The other believes that education can make for more and more successful entrepreneurs.
Research carried out by Dr Bruce Martin of the UCD Michael Smurfit Graduate Business School might just settle the argument in favour of the educators.
Martin, who is a lecturer in entrepreneurship on UCD Smurfit School’s MSc and MBA programmes, recently arrived in Ireland from McMaster University in Canada where he completed his PhD looking at entrepreneurship in disadvantaged groups with a particular focus on people with disabilities. His research began by looking at entrepreneurship education generally.
“Entrepreneurship education is a relatively new thing and there had been little research done on its effectiveness,” he says.
“Thirty years ago, it was hard to find any kind of entrepreneurship educational programme. Now you are almost tripping over them wherever you go. This is because entrepreneurship is now seen as an engine for growth and it is part of public policy to encourage it.”
He set out to measure the effectiveness of entrepreneurship programmes across the world and did so through what is known as a meta-analysis of previous studies.
“We found that 79 studies had been done on entrepreneurship training over the past two decades and meta-analysis is a statistical method used to combine many studies,” Martin explains.
“Forty-two of the studies were considered valid assessments and our analysis of them showed there was a significant and strong relationship between entrepreneurial education and the formation of human capital assets such as the skills and behaviours required to be successful entrepreneurs.
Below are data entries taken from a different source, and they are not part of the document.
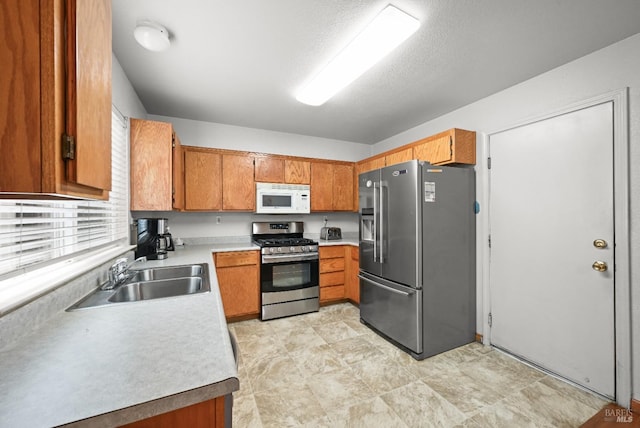 kitchen with brown cabinets, stainless steel appliances, light countertops, and a sink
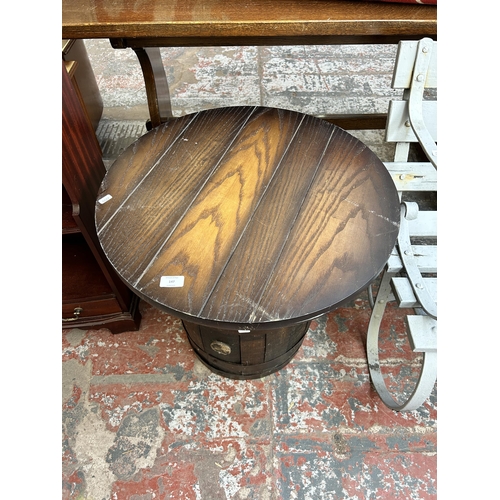 147 - An oak and metal banded barrel side table with circular top - approx. 57cm high x 60cm diameter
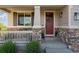 Inviting front porch with stone accents, decorative shutters, and a charming red front door at 3741 Harvard Pl, Broomfield, CO 80023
“There was also a strong relationship shown with outcomes in terms of successful start-ups. This was the first empirical large sample which provided evidence that entrepreneurial education does have a strong impact.”
People with disabilities
He then took the research a step further and looked at how entrepreneurship education might be used to assist people with disabilities.
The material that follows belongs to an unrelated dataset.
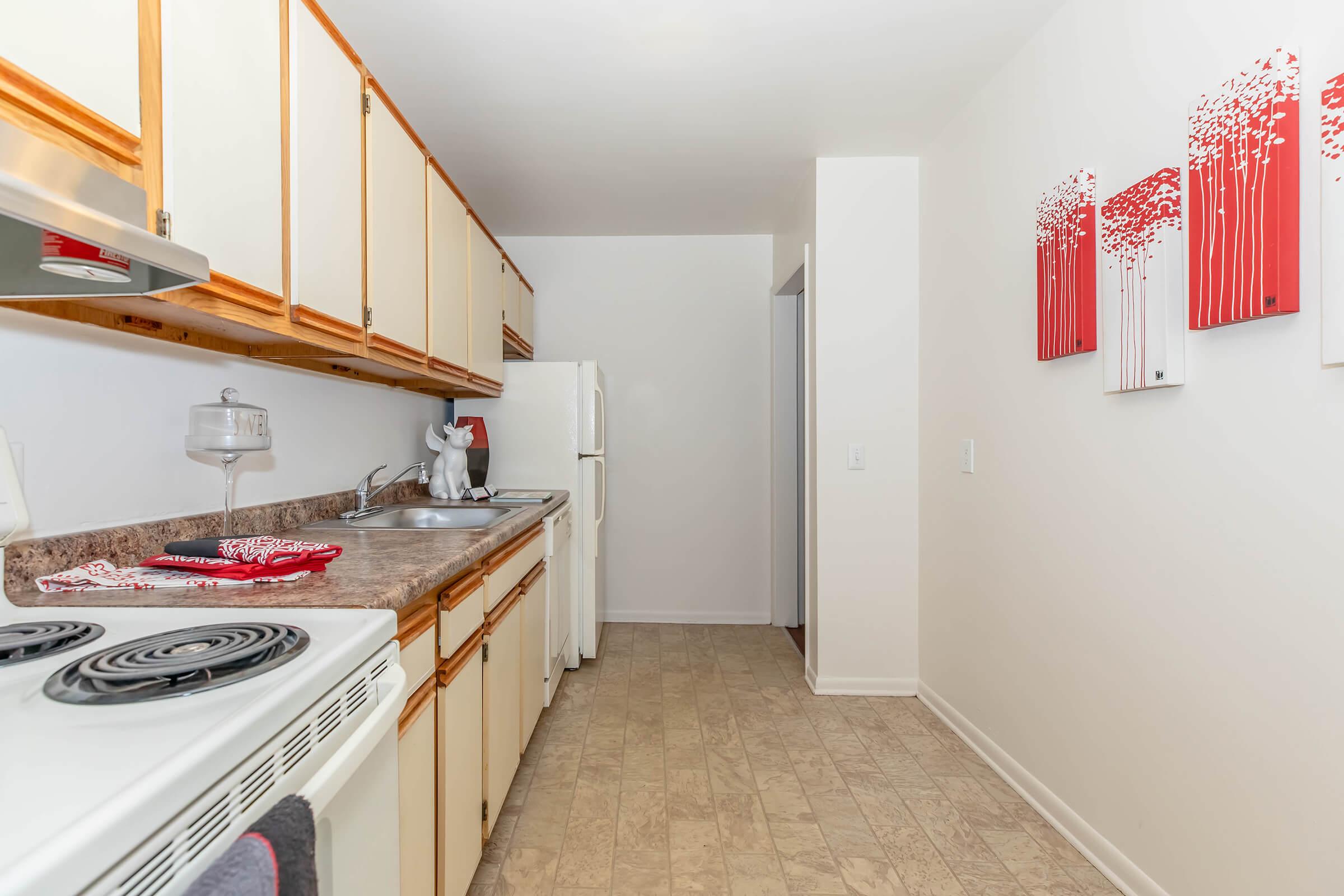 a kitchen with a stove and a refrigerator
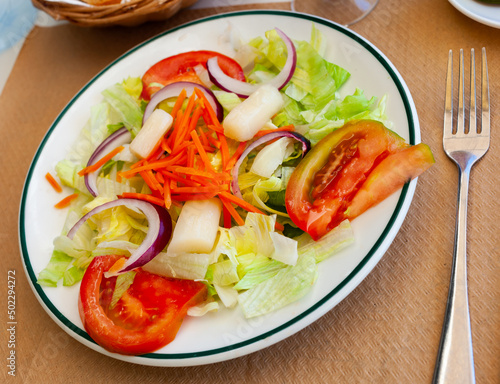 Close up of Spanish vegeterian salad on white plate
He points out that World Health Organisation statistics indicate that 15.6 per cent of the world’s population have a designated disability of some kind and the majority of these people are significantly disadvantaged both socially and economically.
“It we look at the western situation, when we stopped institutionalising people with disabilities several decades ago, we did not embrace them either socially or in the workplace,” says Martin.
“We have got better in recent decades but there are still many issues and the WHO data on disadvantage proves this.”